Quarante ans après avoir orchestré, sous la dictature militaire (1964-1985) une grève historique dans le syndicat signant le démarrage de sa carrière politique, Lula y tire sa révérence. Avec un certain panache dénué de modestie, il adoube la relève, embrassant Manuela d’Avila, candidate du Parti communiste brésilien (PCdoB) à l’élection présidentielle d’octobre, et Guilherme Boulos du Parti socialisme et liberté, (PSOL), omettant curieusement de présenter celui qui promet d’être le candidat de son propre parti, le Parti des travailleurs (PT), l’ancien maire de Sao Paulo, Fernando Haddad.
Fier d’avoir su propager ses idées au sein d’une jeunesse militante, il rassure ceux qui le pensent irremplaçable : « Il y a des millions et des millions de Lula.
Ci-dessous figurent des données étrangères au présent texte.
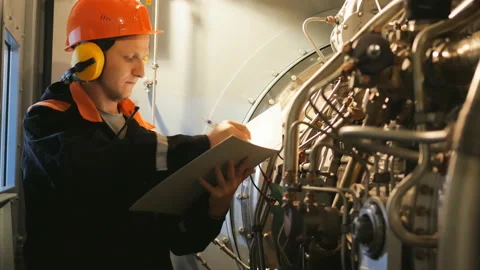 Checking the gas turbine Before starting Stock Footage 85814630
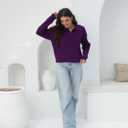 Women's Polo Sweater V Neck Long Sleeve, Pullover Knit Sweaters for Women Lapel Collar (Purple, M)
Mon cœur continue de battre dans vos cœurs. » Et devant un parterre de ses fidèles, submergé d’émotion, il conclut : « Ils ne pourront pas emprisonner nos rêves. »
Comme un Dieu
« Une page de l’histoire du Brésil se tourne », commente l’historien Luiz Felipe de Alencastro. « Lula est un leader social et politique depuis plus de trente ans. Il a fait campagne, ville par ville, village par village. Il connaît le pays parfaitement. Il est né pauvre, n’a pas dépassé l’école primaire, il représente la majorité sociale des Brésiliens », souligne-t-il.
Chaviré par la condamnation de celui qu’ils vénèrent comme un Dieu, un petit groupe de sympathisants guettait encore Lula à l’aéroport Congonhas de Sao Paulo, où l’ex-métallo devait embarquer dans un avion affrété par la police fédérale pour rejoindre Curitiba, la ville du juge Sergio Moro, chargé de l’opération anti-corruption « Lava Jato » (« Lavage express »). Là, un autre groupe, hostile à l’ex-chef d’Etat, attendait de célébrer l’incarcération de celui qu’ils considèrent comme « le plus grand bandit de l’histoire du pays ».